• **Study material**
================================
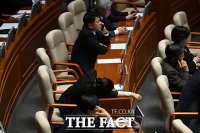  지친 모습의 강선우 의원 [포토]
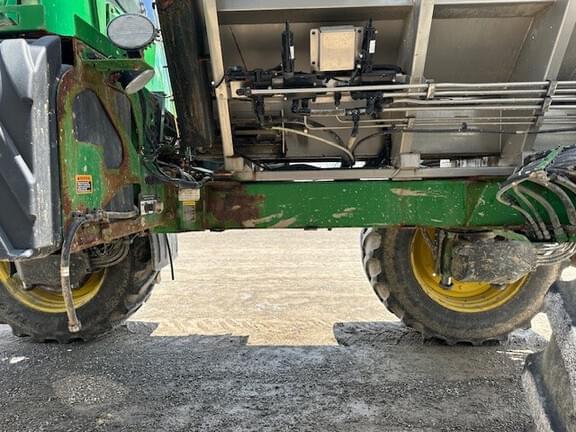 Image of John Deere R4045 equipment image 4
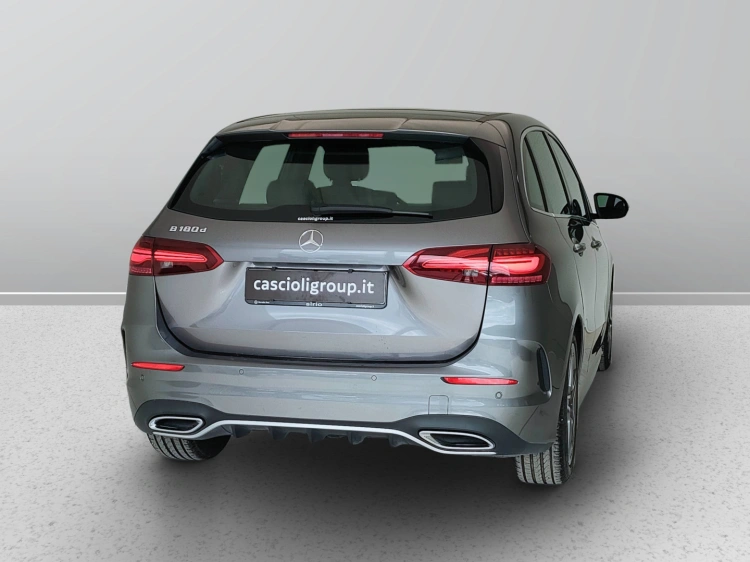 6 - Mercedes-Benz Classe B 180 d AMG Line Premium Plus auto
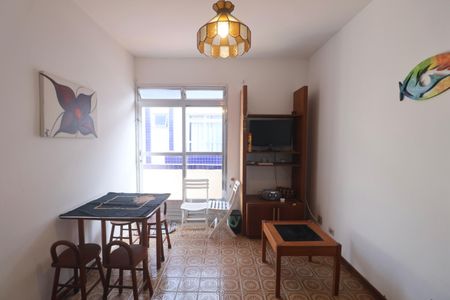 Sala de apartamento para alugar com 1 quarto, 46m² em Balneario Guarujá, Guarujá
================================
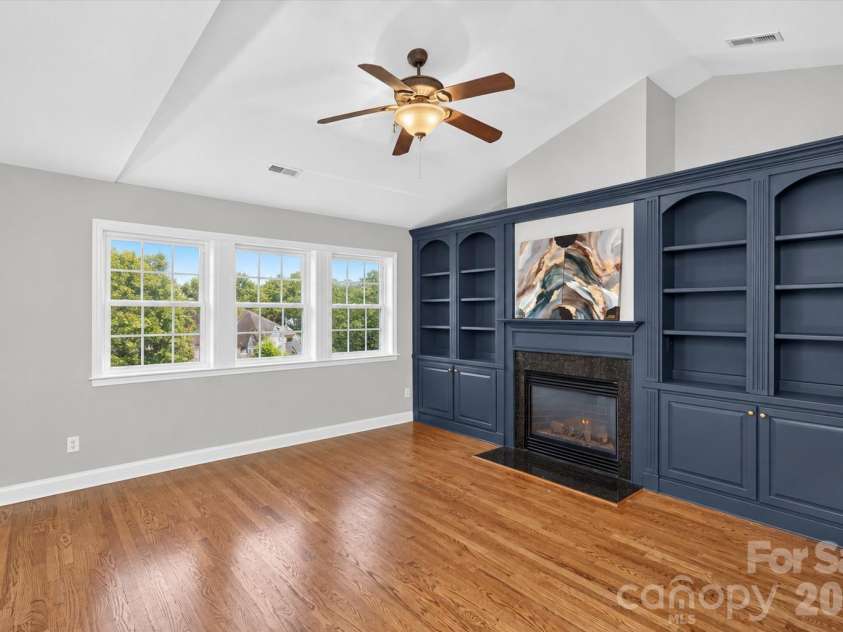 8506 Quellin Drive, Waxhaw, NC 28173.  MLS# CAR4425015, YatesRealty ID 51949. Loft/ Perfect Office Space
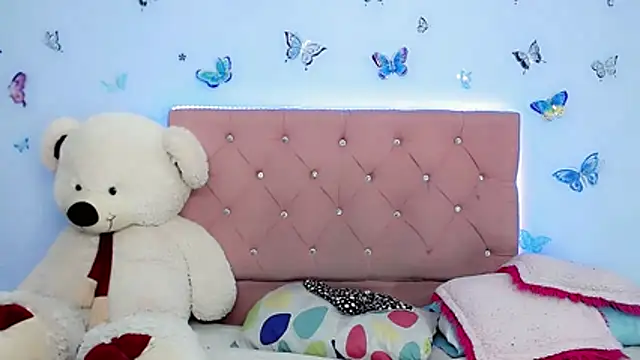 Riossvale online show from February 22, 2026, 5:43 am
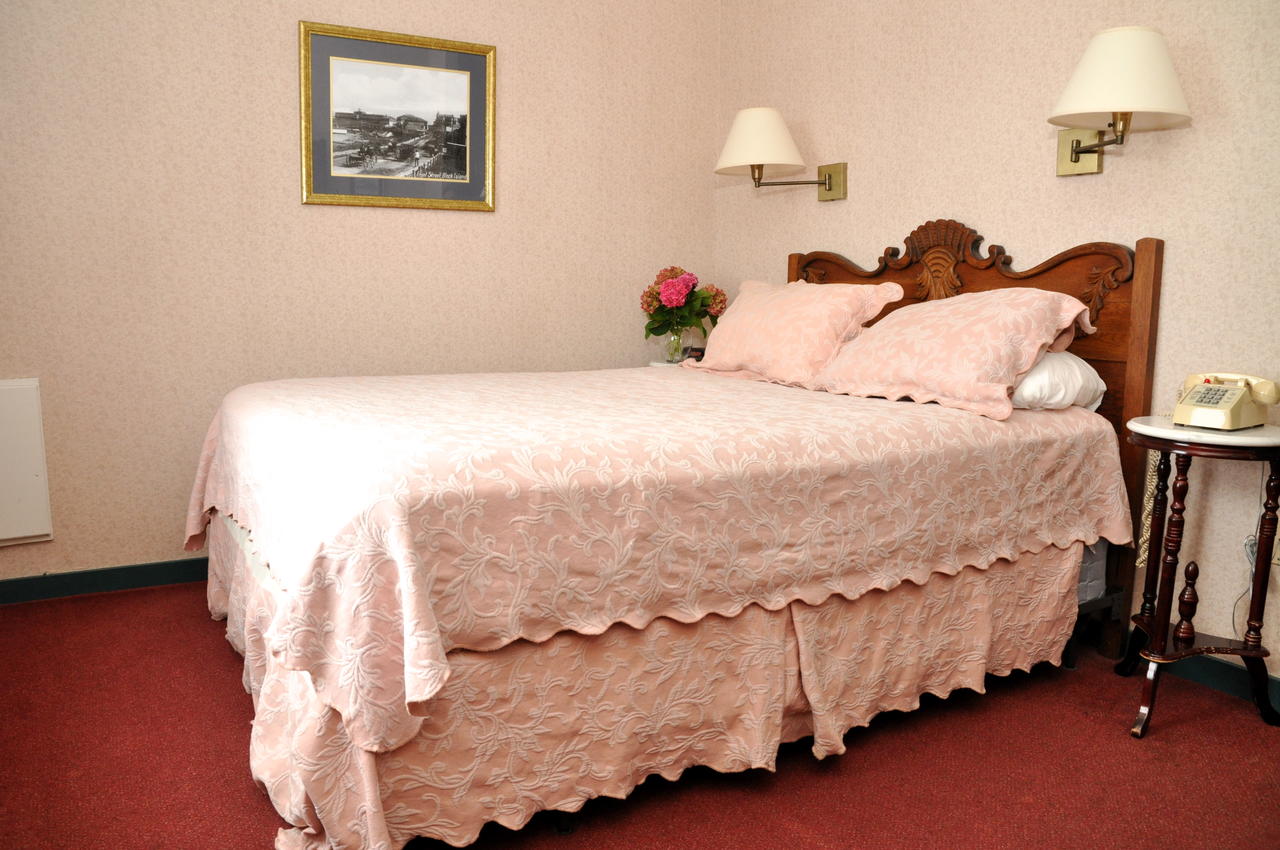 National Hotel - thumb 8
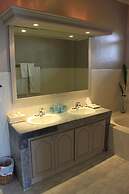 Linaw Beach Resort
================================
• **Work item**
Above are the records. Copy word for word only their lines from the one holding "지친 모습의 강선우 의원 [포토]" through the one holding "Sala de apartamento", both included, and skip the images.

• **Written solution**
  지친 모습의 강선우 의원 [포토]
 Image of John Deere R4045 equipment image 4
 6 - Mercedes-Benz Classe B 180 d AMG Line Premium Plus auto
 Sala de apartamento para alugar com 1 quarto, 46m² em Balneario Guarujá, Guarujá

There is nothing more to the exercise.